An Egyptian court has struck down an agreement between Egypt and Saudi Arabia, which would have seen two strategic Red Sea islands transferred to Saudi control.
News of the deal, struck earlier this year between Cairo's cash-strapped government and Riyadh, provoked angry protests by Egyptians, who saw the agreement as a blow to national sovereignty.
Under the agreement, announced in April, the Sanafir and Tiran islands – which are located off the coast of Eilat in southern Israel – would have been ceded to Saudi Arabia. The two islands provide Israel's only access to the Port of Aqaba; it was an Egyptian blockade of that passage which helped spark the 1967 Six Day War.

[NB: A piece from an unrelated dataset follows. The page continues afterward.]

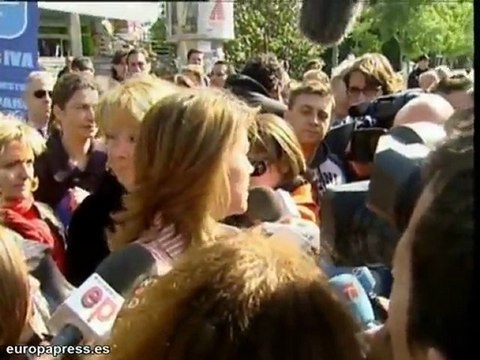 Aguirre y Cospedal en la campaña contra el IVA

Israel had apparently been notified of the deal.
Egyptian officials defended the agreement by noting that both islands had been under Saudi control until 1950, when Riyadh asked Cairo to "protect them" from Israel. They were captured during the Six Day War and handed to Egypt under its 1979 peace treaty with Israel.
But the court was unimpressed, and rejected the deal according to reports Tuesday.
Egypt's government can still appeal the ruling in a higher court, which it is likely to do – though that may risk renewed protests.
The government of President Abdel Fatah al-Sisi is desperate for Saudi aid as it continued to struggle with a shattered economy and growing debts, following years of instability after the overthrow of Hosni Mubarak in 2011, and his Islamist successor Mohammed Morsi in 2013.